# The problem
Using the material that follows, output exactly the lines from the one containing "Invitation de la" through the one containing "Astral Projection Graffiti", with both ends kept.

# Provided data
══════

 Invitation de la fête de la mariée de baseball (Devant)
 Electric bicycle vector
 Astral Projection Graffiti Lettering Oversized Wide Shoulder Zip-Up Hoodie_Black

══════

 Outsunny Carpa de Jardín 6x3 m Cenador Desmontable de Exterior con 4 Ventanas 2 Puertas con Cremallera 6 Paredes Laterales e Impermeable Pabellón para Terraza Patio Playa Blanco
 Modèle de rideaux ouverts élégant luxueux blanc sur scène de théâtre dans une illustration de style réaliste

══════

# Solution
 Invitation de la fête de la mariée de baseball (Devant)
 Electric bicycle vector
 Astral Projection Graffiti Lettering Oversized Wide Shoulder Zip-Up Hoodie_Black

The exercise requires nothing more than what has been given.